Раненые — страница 15 из 38

Думаю, она ожидает, что я попытаюсь переспать с ней. Попытаюсь использовать ее как… ну, ладно, как шлюху.

Притяжения я не отрицаю. Она прекрасна, и то, что я видел от ее тела, делает мой рот сухим, а член — твердым. Мне удалось остаться незамеченным, но приходится отводить от нее взгляд, когда она забывает, что я здесь, переодевается или моется прямо передо мной. Она привыкла к одиночеству. Забывает, что я тут, потом вспоминает, краснеет, злится на мое присутствие, на мой взгляд на ней. А я ничего не могу с этим поделать. Пытаюсь, но не могу. В этом маленьком домике нет личного пространства. В ванной нет ни двери, ни занавески, переодеться негде. Когда она расстегивает свою рубашку, чтобы ее сменить, я стараюсь не смотреть на ее покачивающуюся в тусклом свете грудь. Она задирает юбку, и я стараюсь пялиться на стены и пол, но мой взгляд стремится к темному треугольнику между ее ног, к изгибу ее бедер.

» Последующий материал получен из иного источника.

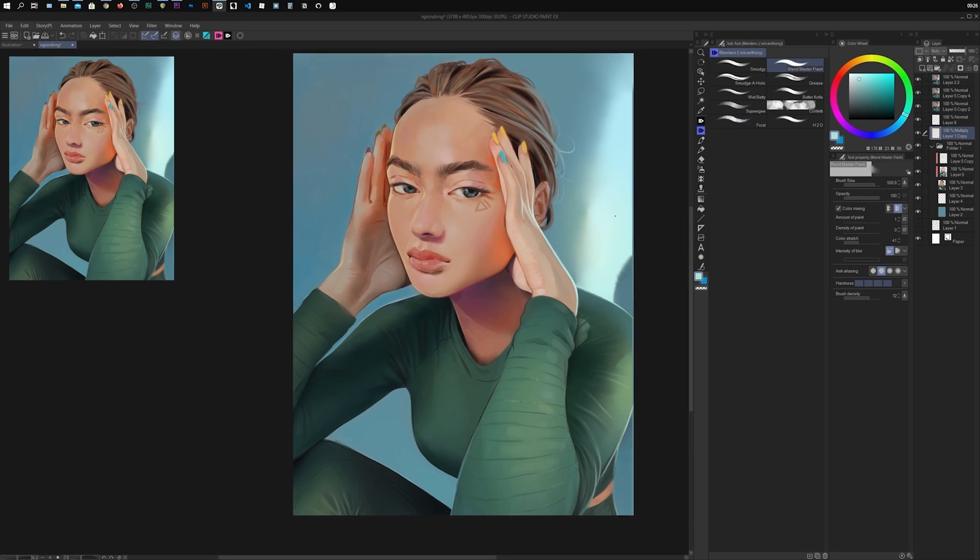I'm pretty happy with this painting. I hope you liked this video — if you did, make sure to give it a thumbs up. If you're not a subscriber, I'd really appreciate it if you subscribe to my channel. And as always, guys, I love you with all my heart and soul. Peace!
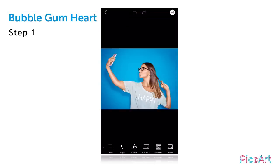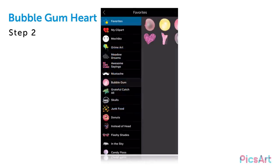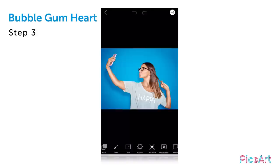In this tutorial, we'll show you how to create a bubblegum heart with PixArt. Open your picture in the photo editor and tap on the clipart icon. Select the bubblegum package and tap on the clipart you'd like to use.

Рания целиком и полностью женщина, но она… запретный плод. Ее клиенты — вражеские солдаты, офицеры, повстанцы. Должно быть, мы рядом с оперативной базой или что-то типа того. Не знаю.

Я знаю лишь то, что я ее не должен хотеть. Но я хочу.

Она сидит рядом, смотрит на меня. Ее карие глаза сощурены, непостижимы. Вот она, в пределах досягаемости. Я могу вытянуть руку и коснуться ее колена, ее стройного бедра. Моя рука под одеялом дрожит от напряжения самоконтроля.

Она спасла мне жизнь. Я ее должник.

Она меня не хочет. Как тут хотеть? Я американец, мужчина, солдат… насколько я знаю, я мог убить кого-то, кого она любит.

Моя рука выскальзывает из-под одеяла, чтобы лечь на колено. Рания наблюдает за мной с непоколебимым выражением, скрывая свои мысли, свои чувства. Моя рука движется к ее, и я чувствую, как она застыла. Она и раньше была неподвижна, как камень, но теперь даже не дышит. Ничего не могу поделать. Касаюсь пальцами ее колена. Только колена, не выше. Взгляд Рании прожигает меня. Вызов продолжать, и в то же время мольба этого не делать. Мы оба такие противоречивые. Она хочет и не хочет. Я хочу и не хочу.

Ее кожа так мягка. Так нежна.

Рания в упор смотрит на меня, мягко вздыхает — звук покорности — потом хватает край рубашки и задирает ее, скрещивая руки, чтобы она не опустилась. Теперь застываю я. У нее полная округлая грудь без лифчика, маленькие соски окружены темными ореолами.

Мои руки быстрее, чем мое желание, быстрее, чем мое вожделение. Я хочу продолжить смотреть. Хочу коснуться ее. Хочу, чтобы она продолжила раздеваться. Вместо этого я хватаю ее за руки и тяну вниз. Она борется со мной, пытается стянуть с себя рубашку. Сейчас я слаб, каждое движение вызывает мучительную боль, но я, все-таки, легко, не причиняя ей вреда, преодолеваю ее. Заставляю ее убрать руки и натягиваю рубашку вниз, так что теперь ее великолепная грудь снова прикрыта.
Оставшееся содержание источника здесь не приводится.